What is SIP and how does it work?

SIP (Systematic Investment Plan) is a method of investing a fixed amount in a mutual fund at regular intervals — typically monthly. When you start a SIP of ₹5,000/month in an equity mutual fund, that amount is auto-debited from your bank on a fixed date each month, and units of the mutual fund are allotted at the prevailing NAV (Net Asset Value). Over time, you accumulate units at different prices — buying more units when markets are low and fewer when markets are high. This is called Rupee Cost Averaging, and it removes the need to time the market.

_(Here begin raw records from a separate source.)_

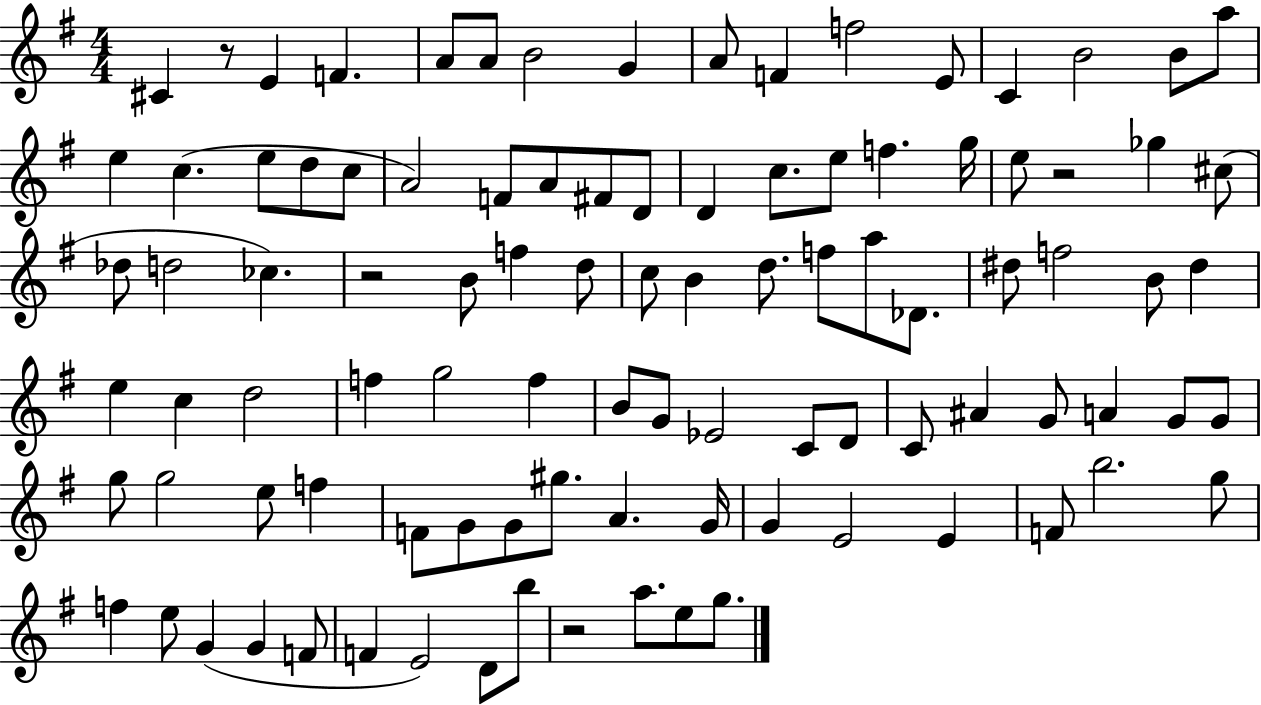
X:1
T:Untitled
M:4/4
L:1/4
K:G
^C z/2 E F A/2 A/2 B2 G A/2 F f2 E/2 C B2 B/2 a/2 e c e/2 d/2 c/2 A2 F/2 A/2 ^F/2 D/2 D c/2 e/2 f g/4 e/2 z2 _g ^c/2 _d/2 d2 _c z2 B/2 f d/2 c/2 B d/2 f/2 a/2 _D/2 ^d/2 f2 B/2 ^d e c d2 f g2 f B/2 G/2 _E2 C/2 D/2 C/2 ^A G/2 A G/2 G/2 g/2 g2 e/2 f F/2 G/2 G/2 ^g/2 A G/4 G E2 E F/2 b2 g/2 f e/2 G G F/2 F E2 D/2 b/2 z2 a/2 e/2 g/2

How much should I invest in SIP per month?

A practical starting point: invest 20–25% of your take-home salary in SIP. If your take-home is ₹60,000/month, start with ₹12,000–15,000/month. More specifically, calculate your goals first — use SIP Calculator to work backwards from your target corpus. For retirement: ₹20,000/month at 12% CAGR from age 25 builds ₹3.5 Crore by 60. For a house down payment of ₹20L in 5 years: you need approximately ₹24,500/month. Always start with what you can afford and increase 10–15% annually via Step-Up SIP.

What is step-up SIP and why should I use it?

Step-Up SIP (also called Top-Up SIP) automatically increases your monthly SIP amount by a fixed percentage each year. Example: ₹10,000/month with 10% annual step-up means Year 2 SIP is ₹11,000, Year 3 is ₹12,100, and so on. Why it matters: a 10% step-up SIP of ₹10,000 starting at age 30 builds ₹3.8 Crore by 60 vs ₹3.5 Crore without step-up — with only slightly more investment. Step-up aligns with your salary growth so you never feel the pinch of increasing SIP.

Should I stop my SIP when the market falls?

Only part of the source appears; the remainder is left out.